Semiparametric regression model provides data scientists a useful way to analyze complex-structured data sets. It allows researchers to model some features in a linear way, without restricting the effect of the rest covariates. This flexibility can greatly enhance the prediction performance especially when parametric model assumptions are invalid. In practice, the semiparametric modelling is proven useful in many high dimensional applications in Biostatistics, Econometrics and Neuroscience. However in literature, there is a lack of statistical studies on the estimation and inference of high dimensional semiparametric model. This project aims to lay a solid theoretical foundation for high dimensional semiparametric analysis, in both frequentist and Bayesian paradigms. This research will significantly promote the use of semiparametric analysis of high dimensional complex data.

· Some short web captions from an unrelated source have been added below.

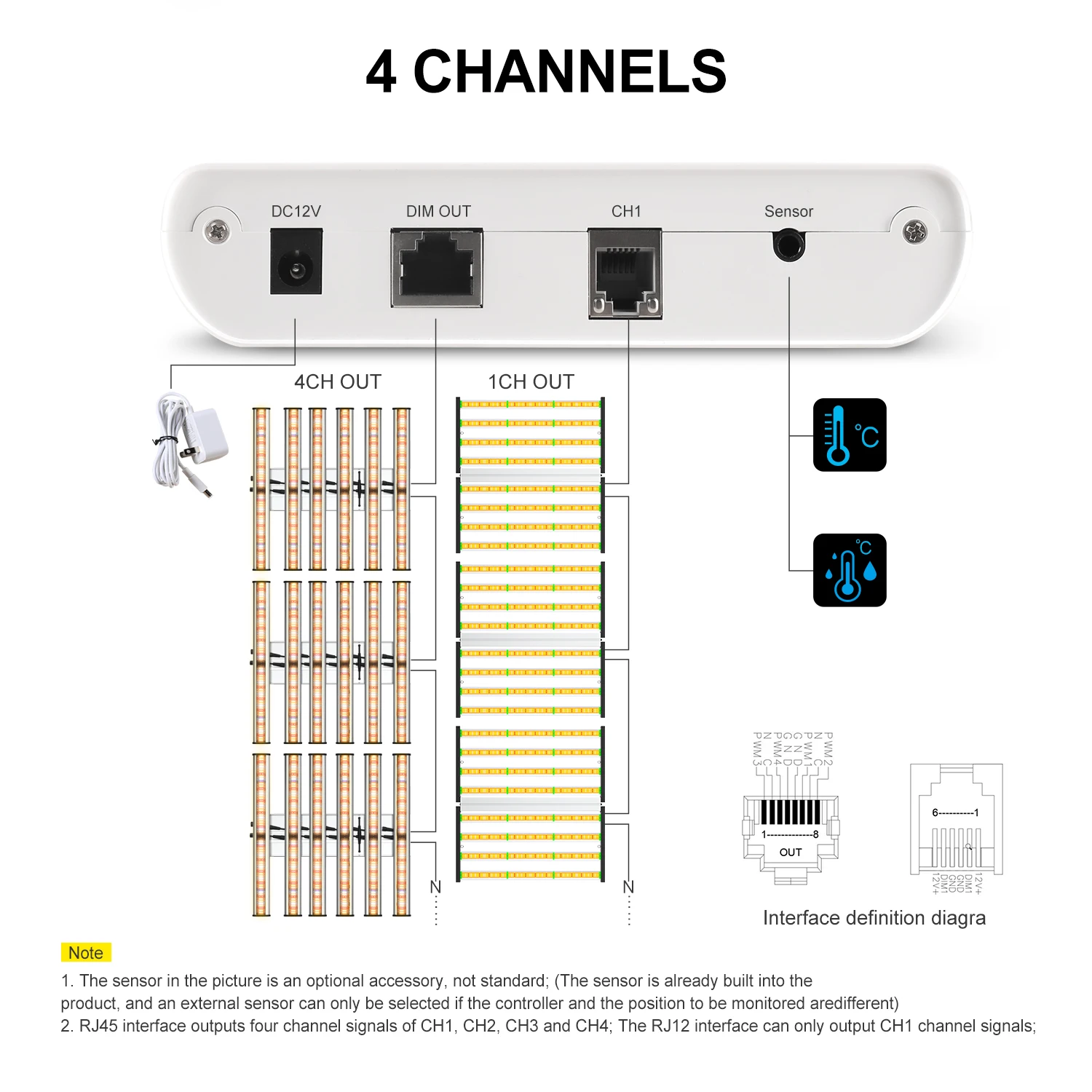 Phlizon Hot Selling NEW  4 Channels  Led Grow Lights Dimmable Function Master controller For Greehouse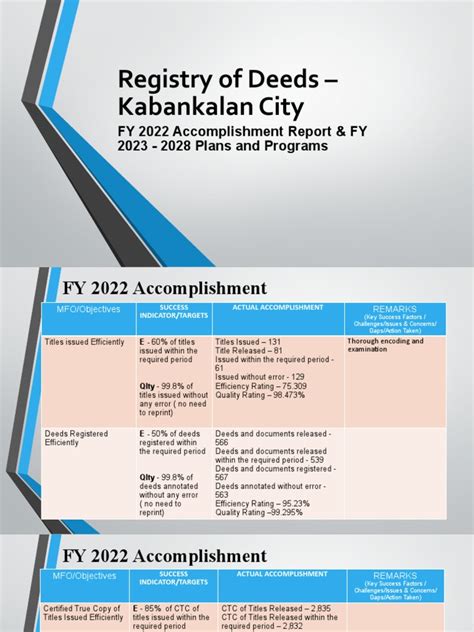 RD Planning | PDF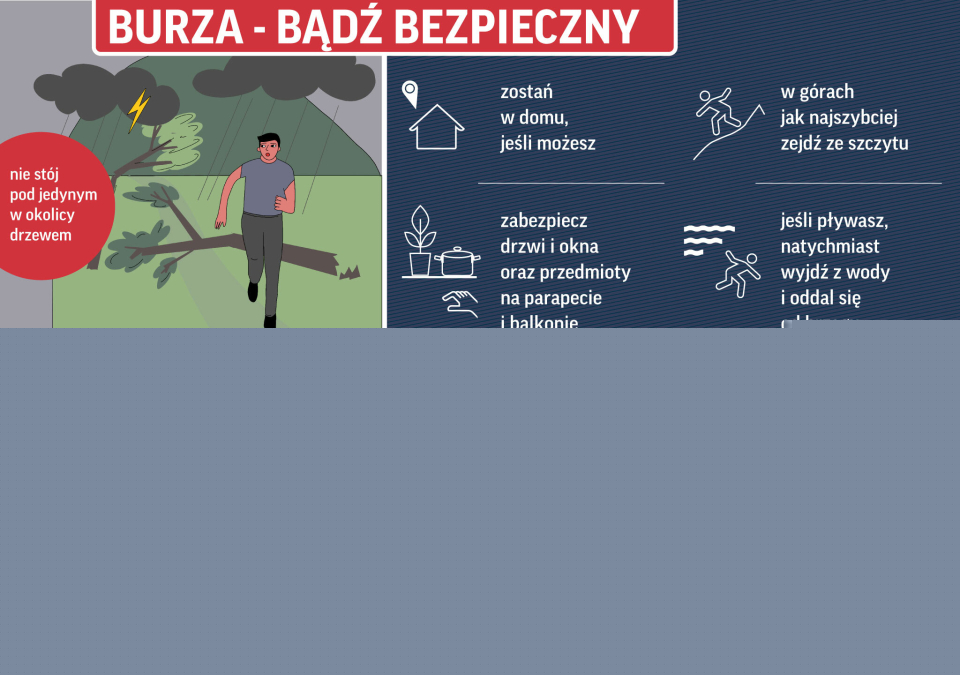 Poradnik jak być bezpiecznym podczas burzy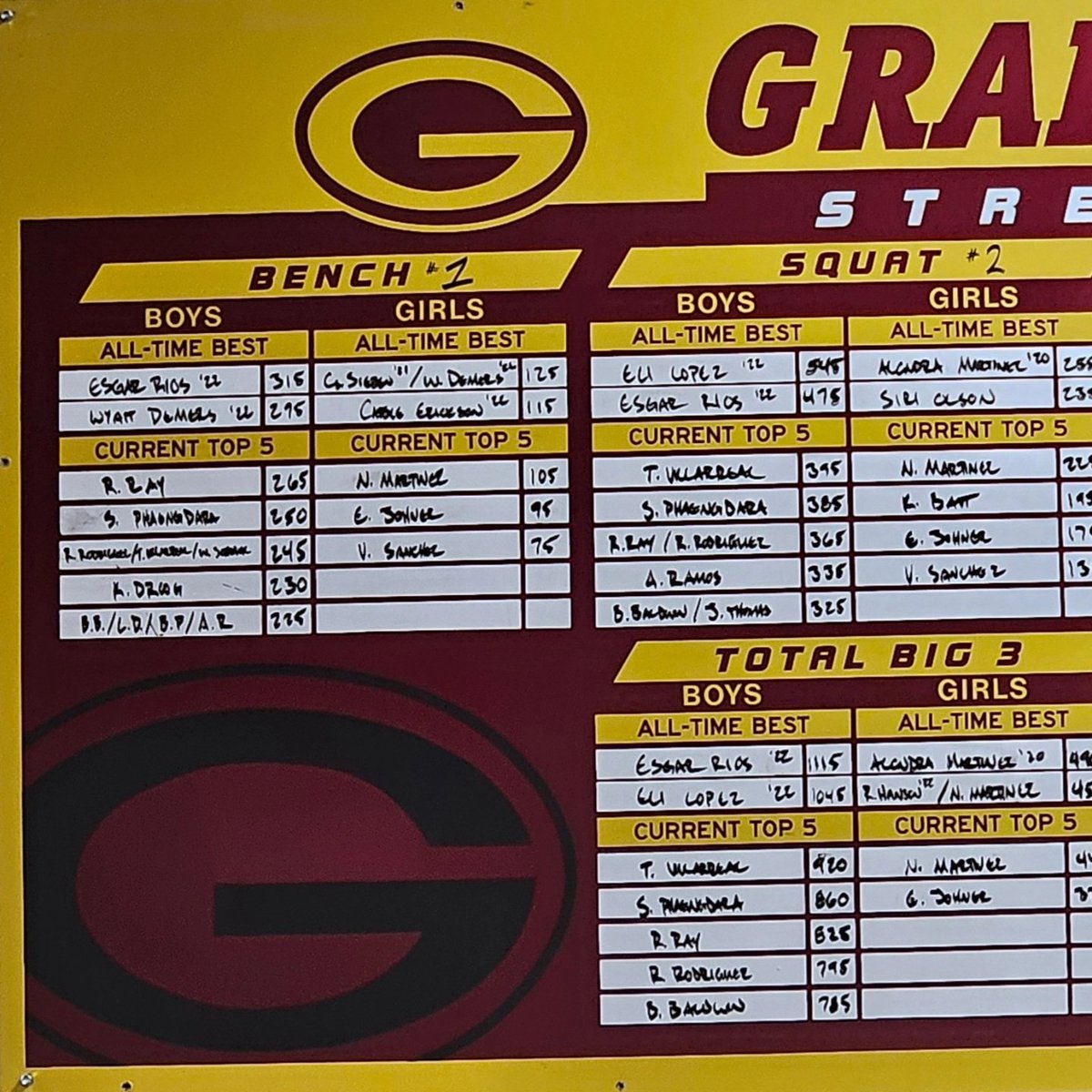 StrengthSpoiler's tweet image. 🚨NEW LEADERS ALERT🚨

Great work, everyone. 

Merry Christmas. See you in Janurary.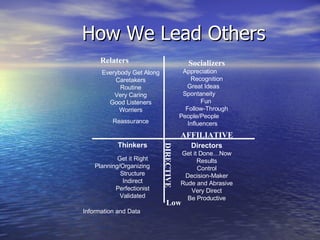 How We Lead Others Low AFFILIATIVE DIRECTIVE Relaters  Everybody Get Along Caretakers Routine Very Caring Good Listeners Worriers Reassurance Socializers Appreciation  Recognition Great Ideas  Spontaneity  Fun  Follow-Through People/People  Influencers    Directors Get it Done…Now Results Control Decision-Maker Rude and Abrasive Very Direct Be Productive Thinkers Get it Right Planning/Organizing  Structure Indirect Perfectionist Validated Information and Data   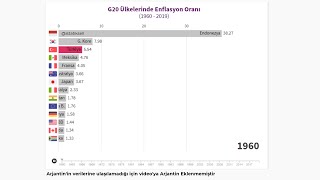 G20 Ülkelerinde Enflasyon Oranı (%) (1960 - 2019)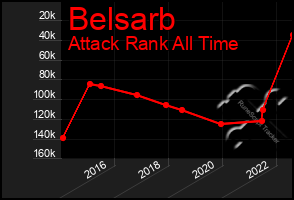 Total Graph of Belsarb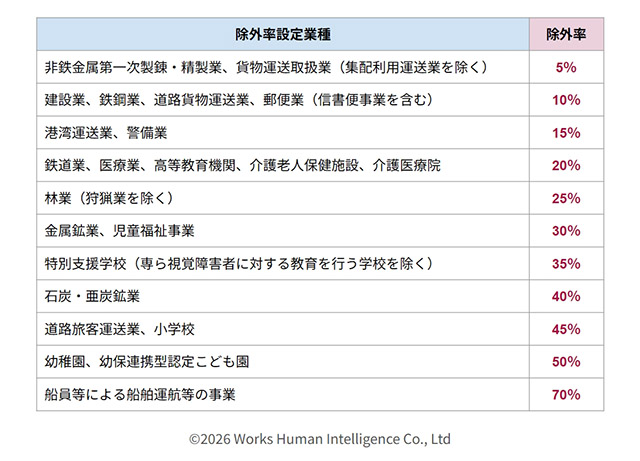 素材_障がい者雇用法定雇用率引き上げ(前編)_202606.jpg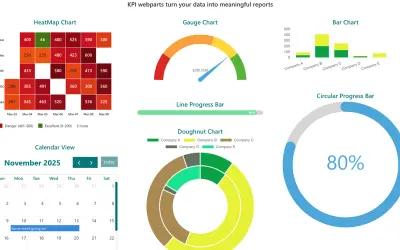 KPI And Analytics for Microsoft 365 — screenshot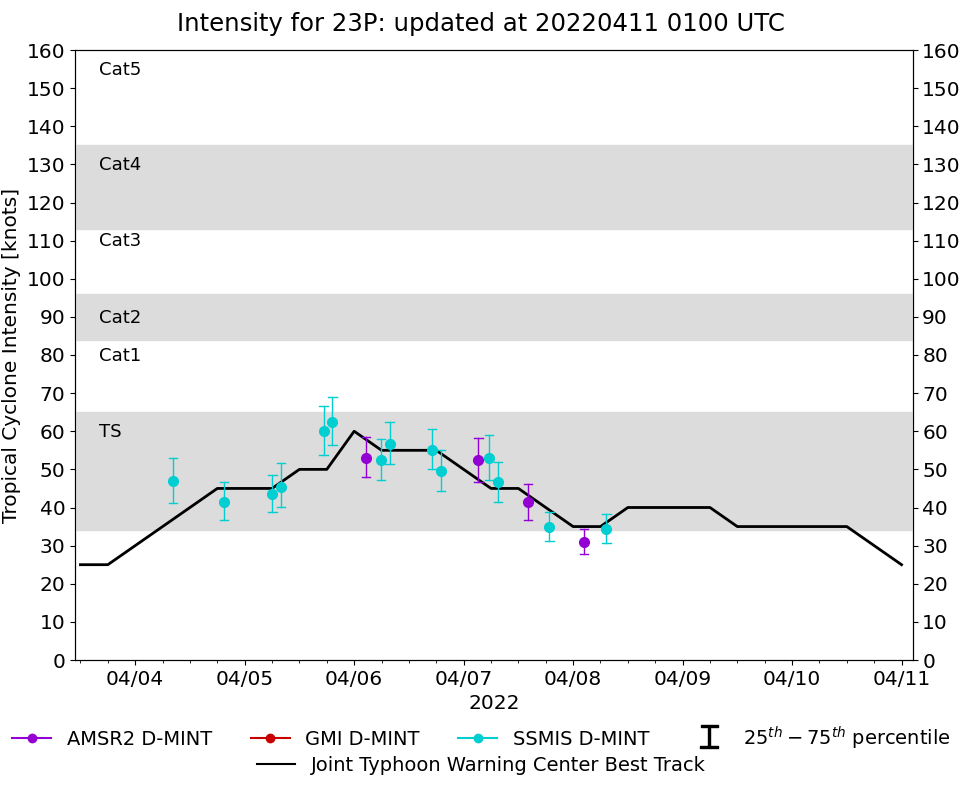 current 23P intensity image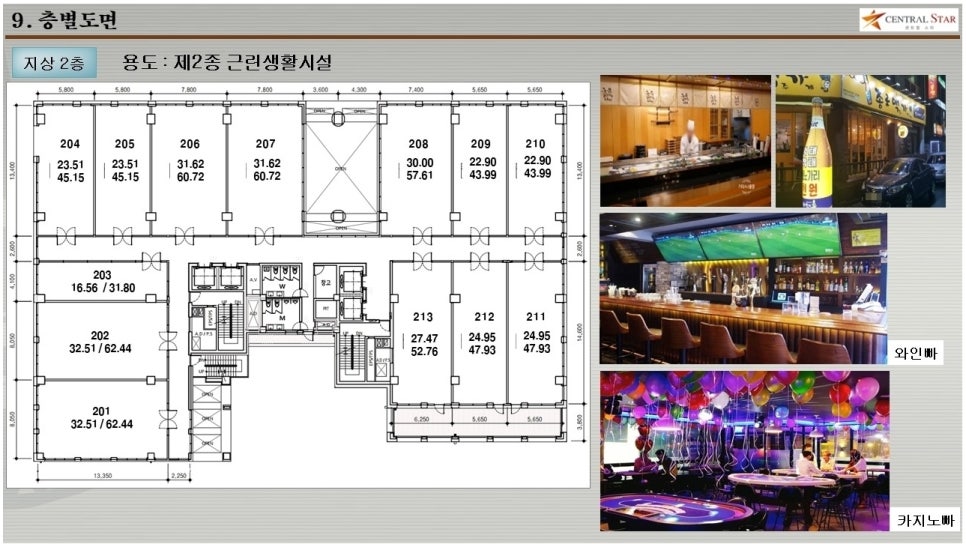 센트럴모텔 이미지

This project consists of three research components. First, the investigators will establish the frequentist estimation theory and obtain new theoretical insights on the asymptotic behavior of the estimators in high dimensional semiparametric model. Secondly, the investigators will develop novel approach to conduct high dimensional semiparametric inferences such as confidence intervals and explore related semiparametric efficiency issue. Thirdly, Bayesian counterparts of estimation and inference theories will be developed. The investigators will establish the frequentist validity of Bayesian point estimations and interval estimations. These research results will provide important theoretical guidelines for high dimensional semiparametric modeling.
This award reflects NSF's statutory mission and has been deemed worthy of support through evaluation using the Foundation's intellectual merit and broader impacts review criteria.